Date of Observation:

March 2005 

Narration 

            An 83 year-old male from a private hospital transferred to our institution due to financial constraints. He sustained a femoral neck fracture almost a month ago and sought consult with our service consultant in one of his private clinics.

             A cardio-pulmonary evaluation was requested by our consultant since the patient was elderly. Laboratory examinations were requested, but since these had been done in the private hospital from where he came, the patient and his relatives refused to repeat these. We informed the consultant of the situation and were advised to tell the relatives to retrieve all the results from the other hospital.

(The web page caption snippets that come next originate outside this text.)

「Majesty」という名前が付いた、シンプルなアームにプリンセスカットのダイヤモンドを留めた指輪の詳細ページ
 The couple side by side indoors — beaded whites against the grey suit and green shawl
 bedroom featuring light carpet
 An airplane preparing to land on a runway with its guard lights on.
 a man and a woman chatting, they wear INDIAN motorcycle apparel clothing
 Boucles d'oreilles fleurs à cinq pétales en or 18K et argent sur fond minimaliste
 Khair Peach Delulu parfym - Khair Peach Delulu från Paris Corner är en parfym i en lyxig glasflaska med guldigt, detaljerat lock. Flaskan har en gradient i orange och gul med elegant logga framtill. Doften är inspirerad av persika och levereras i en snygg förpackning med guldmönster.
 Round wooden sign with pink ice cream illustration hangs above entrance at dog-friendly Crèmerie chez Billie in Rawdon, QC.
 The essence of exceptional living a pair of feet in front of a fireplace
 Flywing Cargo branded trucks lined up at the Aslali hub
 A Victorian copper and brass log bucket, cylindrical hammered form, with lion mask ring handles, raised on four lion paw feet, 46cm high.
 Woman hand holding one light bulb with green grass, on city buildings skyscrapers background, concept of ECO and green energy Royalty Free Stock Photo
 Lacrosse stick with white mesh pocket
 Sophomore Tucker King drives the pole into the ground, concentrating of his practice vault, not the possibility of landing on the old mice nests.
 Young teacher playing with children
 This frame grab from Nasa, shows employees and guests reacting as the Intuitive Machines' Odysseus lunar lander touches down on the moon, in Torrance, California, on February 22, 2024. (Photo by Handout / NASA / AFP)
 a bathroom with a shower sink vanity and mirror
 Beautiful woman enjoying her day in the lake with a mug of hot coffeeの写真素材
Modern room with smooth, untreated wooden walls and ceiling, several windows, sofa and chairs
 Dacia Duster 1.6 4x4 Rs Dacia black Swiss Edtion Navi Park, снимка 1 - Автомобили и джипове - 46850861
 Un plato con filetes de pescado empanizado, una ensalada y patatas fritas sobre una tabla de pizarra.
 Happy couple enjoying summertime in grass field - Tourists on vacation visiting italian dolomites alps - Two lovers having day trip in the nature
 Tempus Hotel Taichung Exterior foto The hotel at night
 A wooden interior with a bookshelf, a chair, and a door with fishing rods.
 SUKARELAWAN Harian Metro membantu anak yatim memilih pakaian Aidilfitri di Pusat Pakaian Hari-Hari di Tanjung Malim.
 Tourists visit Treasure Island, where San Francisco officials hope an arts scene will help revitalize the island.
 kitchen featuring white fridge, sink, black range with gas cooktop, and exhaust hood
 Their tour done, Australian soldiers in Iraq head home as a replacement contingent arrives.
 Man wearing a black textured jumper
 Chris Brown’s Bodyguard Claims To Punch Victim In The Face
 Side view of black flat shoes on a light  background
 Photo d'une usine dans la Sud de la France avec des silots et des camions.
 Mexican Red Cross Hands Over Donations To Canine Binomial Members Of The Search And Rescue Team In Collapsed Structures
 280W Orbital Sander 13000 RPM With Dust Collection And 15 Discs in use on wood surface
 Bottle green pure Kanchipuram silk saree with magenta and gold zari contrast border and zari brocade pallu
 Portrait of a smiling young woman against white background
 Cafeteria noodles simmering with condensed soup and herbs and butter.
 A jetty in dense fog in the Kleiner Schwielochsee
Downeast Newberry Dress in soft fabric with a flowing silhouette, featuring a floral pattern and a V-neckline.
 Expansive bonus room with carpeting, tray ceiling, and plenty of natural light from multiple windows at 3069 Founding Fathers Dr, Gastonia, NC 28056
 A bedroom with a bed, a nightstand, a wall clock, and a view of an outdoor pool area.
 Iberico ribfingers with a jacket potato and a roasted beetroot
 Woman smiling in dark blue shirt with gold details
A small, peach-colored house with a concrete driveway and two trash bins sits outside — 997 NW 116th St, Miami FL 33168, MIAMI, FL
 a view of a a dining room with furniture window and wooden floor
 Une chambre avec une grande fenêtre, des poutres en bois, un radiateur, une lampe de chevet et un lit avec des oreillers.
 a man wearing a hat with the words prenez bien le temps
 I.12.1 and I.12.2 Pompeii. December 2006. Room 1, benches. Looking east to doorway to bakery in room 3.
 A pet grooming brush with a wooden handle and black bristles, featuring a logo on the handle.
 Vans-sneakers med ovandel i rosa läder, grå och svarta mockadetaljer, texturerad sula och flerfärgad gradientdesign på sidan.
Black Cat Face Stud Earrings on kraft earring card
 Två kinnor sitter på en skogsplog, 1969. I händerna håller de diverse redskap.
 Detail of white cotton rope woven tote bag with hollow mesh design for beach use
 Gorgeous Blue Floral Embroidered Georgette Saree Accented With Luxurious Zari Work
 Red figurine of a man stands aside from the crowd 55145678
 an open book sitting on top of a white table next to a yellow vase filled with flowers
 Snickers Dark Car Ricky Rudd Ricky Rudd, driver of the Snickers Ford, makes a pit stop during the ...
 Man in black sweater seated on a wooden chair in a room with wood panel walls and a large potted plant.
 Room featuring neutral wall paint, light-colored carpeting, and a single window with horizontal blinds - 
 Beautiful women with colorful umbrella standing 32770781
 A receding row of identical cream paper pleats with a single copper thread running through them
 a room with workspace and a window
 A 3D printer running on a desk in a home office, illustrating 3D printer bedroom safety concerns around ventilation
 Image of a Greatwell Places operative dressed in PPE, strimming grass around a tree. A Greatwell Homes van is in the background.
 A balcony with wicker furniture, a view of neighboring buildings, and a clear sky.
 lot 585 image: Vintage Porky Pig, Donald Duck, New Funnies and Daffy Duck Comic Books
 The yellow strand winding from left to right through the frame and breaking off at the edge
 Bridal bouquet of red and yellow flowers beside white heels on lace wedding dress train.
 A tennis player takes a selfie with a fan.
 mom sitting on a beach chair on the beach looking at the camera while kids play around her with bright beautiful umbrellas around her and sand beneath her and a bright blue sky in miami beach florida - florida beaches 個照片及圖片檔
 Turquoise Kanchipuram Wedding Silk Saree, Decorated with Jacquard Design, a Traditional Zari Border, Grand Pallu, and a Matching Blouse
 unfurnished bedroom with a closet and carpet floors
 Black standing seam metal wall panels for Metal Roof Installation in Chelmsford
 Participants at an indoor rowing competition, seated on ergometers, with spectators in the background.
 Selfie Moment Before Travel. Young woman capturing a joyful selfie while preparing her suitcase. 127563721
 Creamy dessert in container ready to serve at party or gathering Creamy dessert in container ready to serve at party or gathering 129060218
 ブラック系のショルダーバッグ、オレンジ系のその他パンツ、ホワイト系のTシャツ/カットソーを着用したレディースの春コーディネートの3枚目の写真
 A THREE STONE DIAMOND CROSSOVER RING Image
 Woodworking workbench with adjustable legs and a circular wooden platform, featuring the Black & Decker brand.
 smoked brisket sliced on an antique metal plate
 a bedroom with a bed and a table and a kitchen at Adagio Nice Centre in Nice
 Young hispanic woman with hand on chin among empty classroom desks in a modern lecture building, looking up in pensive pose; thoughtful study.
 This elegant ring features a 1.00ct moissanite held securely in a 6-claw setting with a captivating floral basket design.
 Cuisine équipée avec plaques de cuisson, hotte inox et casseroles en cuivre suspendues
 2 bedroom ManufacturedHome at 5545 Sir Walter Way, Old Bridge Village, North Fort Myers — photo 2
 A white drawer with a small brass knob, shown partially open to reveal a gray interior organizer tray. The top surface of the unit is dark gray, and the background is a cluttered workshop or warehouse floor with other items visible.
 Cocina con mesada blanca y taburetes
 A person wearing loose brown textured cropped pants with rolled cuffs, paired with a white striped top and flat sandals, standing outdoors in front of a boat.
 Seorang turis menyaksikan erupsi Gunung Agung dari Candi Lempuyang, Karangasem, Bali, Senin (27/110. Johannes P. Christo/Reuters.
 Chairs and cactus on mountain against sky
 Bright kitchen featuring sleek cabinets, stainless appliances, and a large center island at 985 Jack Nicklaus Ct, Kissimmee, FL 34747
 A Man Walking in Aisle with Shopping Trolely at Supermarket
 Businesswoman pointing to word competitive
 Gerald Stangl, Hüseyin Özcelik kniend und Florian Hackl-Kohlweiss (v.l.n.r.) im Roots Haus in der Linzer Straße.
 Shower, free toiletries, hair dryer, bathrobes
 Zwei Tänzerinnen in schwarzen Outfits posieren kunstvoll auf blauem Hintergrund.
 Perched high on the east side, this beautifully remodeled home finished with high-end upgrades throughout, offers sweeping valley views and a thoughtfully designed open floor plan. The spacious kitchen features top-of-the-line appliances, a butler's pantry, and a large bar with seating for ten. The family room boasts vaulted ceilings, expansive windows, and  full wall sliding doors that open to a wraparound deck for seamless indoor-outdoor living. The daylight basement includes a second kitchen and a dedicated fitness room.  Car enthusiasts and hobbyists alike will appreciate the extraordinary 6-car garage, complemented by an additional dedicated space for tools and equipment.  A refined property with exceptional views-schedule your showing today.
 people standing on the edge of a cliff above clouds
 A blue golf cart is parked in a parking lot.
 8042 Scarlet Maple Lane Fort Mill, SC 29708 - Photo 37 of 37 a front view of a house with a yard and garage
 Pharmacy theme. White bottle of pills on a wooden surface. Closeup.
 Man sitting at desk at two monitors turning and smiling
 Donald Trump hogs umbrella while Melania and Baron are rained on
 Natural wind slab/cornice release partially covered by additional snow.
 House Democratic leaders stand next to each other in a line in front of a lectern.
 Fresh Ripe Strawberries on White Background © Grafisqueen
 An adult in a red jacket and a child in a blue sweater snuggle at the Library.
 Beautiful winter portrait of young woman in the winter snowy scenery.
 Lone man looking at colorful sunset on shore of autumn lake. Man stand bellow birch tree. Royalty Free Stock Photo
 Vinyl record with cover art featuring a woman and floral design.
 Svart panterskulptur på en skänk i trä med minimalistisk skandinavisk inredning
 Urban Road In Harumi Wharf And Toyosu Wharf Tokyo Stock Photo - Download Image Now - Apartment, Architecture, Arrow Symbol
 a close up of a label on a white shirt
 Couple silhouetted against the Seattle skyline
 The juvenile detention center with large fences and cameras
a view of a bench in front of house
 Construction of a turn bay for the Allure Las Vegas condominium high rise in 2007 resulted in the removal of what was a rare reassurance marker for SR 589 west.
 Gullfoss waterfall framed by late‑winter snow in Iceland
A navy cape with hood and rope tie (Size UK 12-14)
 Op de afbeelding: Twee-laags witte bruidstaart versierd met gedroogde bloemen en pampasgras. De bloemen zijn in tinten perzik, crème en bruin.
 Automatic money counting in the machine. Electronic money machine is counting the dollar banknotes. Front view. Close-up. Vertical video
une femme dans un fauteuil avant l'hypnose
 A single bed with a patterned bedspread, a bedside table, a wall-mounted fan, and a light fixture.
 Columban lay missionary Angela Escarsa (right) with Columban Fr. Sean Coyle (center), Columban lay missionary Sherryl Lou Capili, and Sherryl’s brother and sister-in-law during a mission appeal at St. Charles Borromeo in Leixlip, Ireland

             During one of our night rounds, the relatives were asked me why there patient had not yet been operated on. They were expecting an immediate operation after admission. I calmly told them that the CP evaluation was not yet done since they haven’t given us a copy of requested labs, that when they do, I’d make sure that the CP evaluation would be done immediately.

             The following day they complied. The evaluation was done with an assessment of fair surgical risk for partial hip replacement. I informed the service consultant of this. He was then scheduled the operation and did it 3 days after.

             Partial hip replacement was done smoothly. Post-operative care was given and I gained their full trust. I personally did the wound cleaning and made sure that the patient was up and about.

             A week after the operation, the service consultant gave the order to discharge the patient.

             Unfortunately the patient suddenly had an episode of difficulty of breathing and subsequently died. The relatives were shocked. One of the relatives approached me. It was the first time I saw that particular relative. She began questioning me on what happened to the patient and why did he died. Another relative called and asked me the same questions.   She was blaming me and the operation for the fate of the patient.

             I tried to answer all her questions and at the same time tried to comfort her. It was really difficult. One of the relatives who were with the patient since he was admitted approached us and told her “Ginawa nila lahat. Hindi nila pinabayaan ang tatay. Inasikaso nilang mabuti ang tatay!”

  

INSIGHT (Physical, Psychosocial, Ethical) (Discovery, Stimulus, Reinforcement

             For the past three years that I have been in this institution, we were taught that all patients/cases are potential medico-legal suit. There are 4 D’s in medical malpractice namely, Duties, Dereliction of Duties, Direct causation and Damage. NO malpractice suit should prosper in court in the absence of any one of the following elements.

             We were also taught how to handle and avoid such a scenario. Good communication with good rapport to our patients and there relatives is vital in avoiding medico-legal suit.